**TASK STATEMENT**. The lines to be extracted begin at the line containing "Luxe Sauna Privatif" and end at the last line of the data below; copy them exactly and leave out the pictures.

**INFORMATION SUPPLIED**.
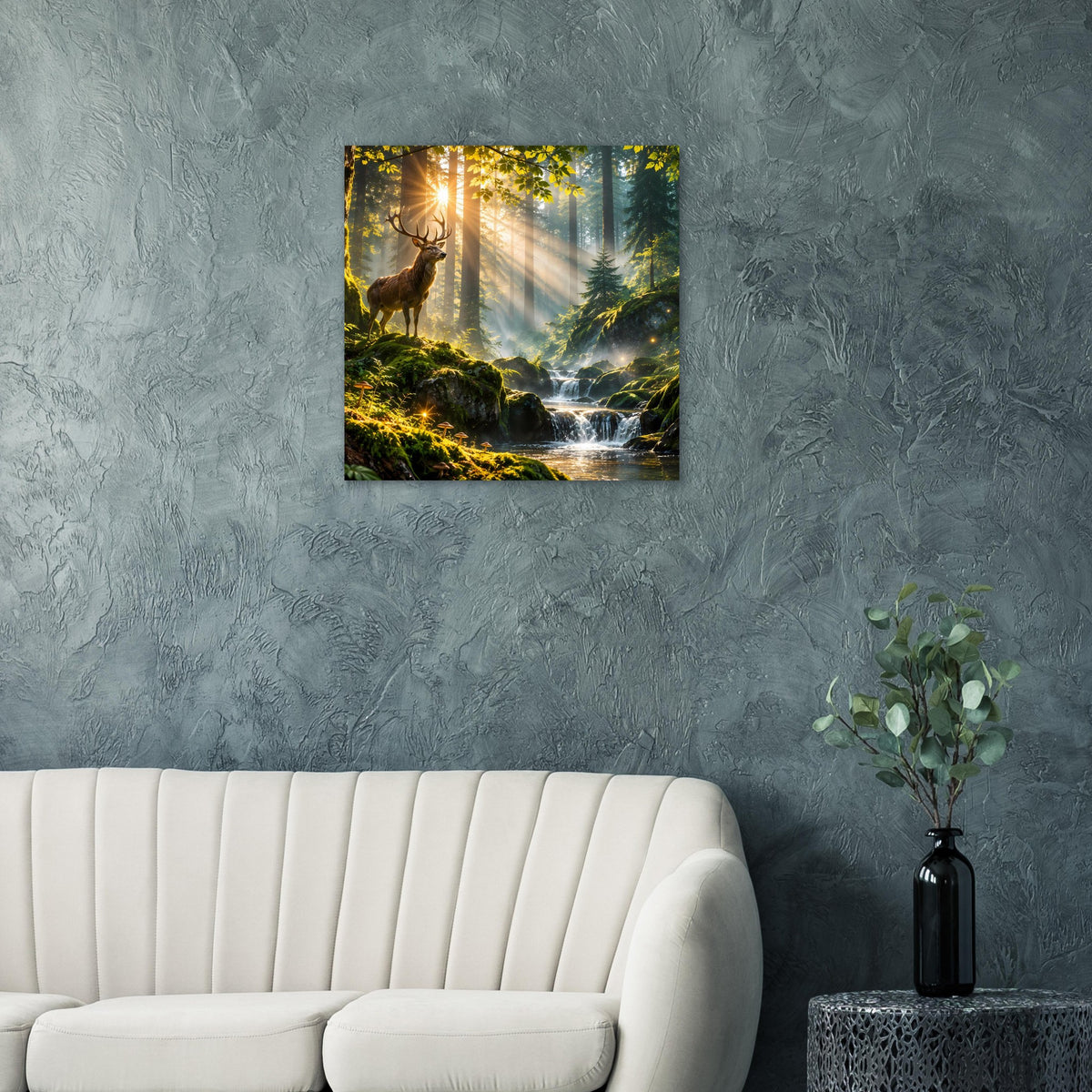 Quadratisches Poster mit Hirsch, Wasserfall und Sonnenstrahlen zwischen hohen Bäumen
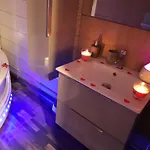 Luxe Sauna Privatif Et Grand Bain Jacuzzi A Deux A Biscarosse Pour Nuit Romantique Avec Decoration Led Et Bougies *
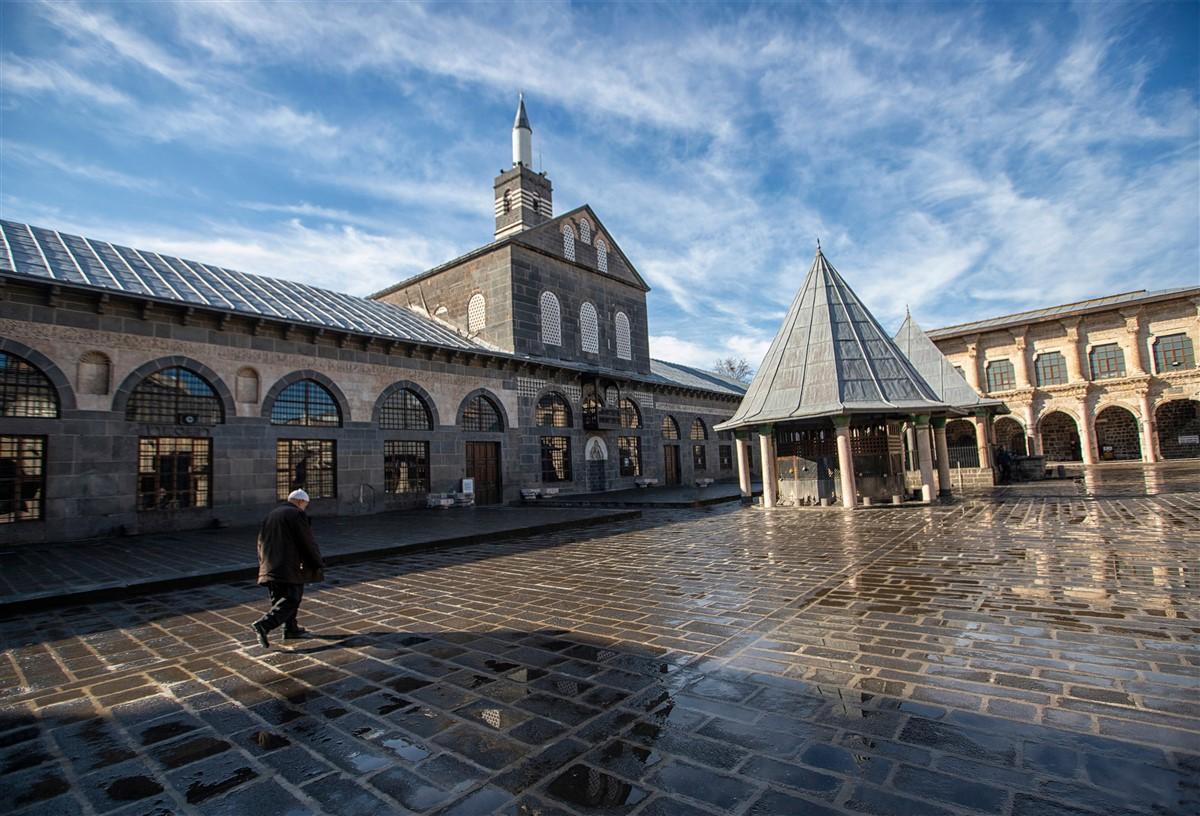 Ulu-Cami-3.jpg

**SOLVED PROBLEM**.
 Luxe Sauna Privatif Et Grand Bain Jacuzzi A Deux A Biscarosse Pour Nuit Romantique Avec Decoration Led Et Bougies *
 Ulu-Cami-3.jpg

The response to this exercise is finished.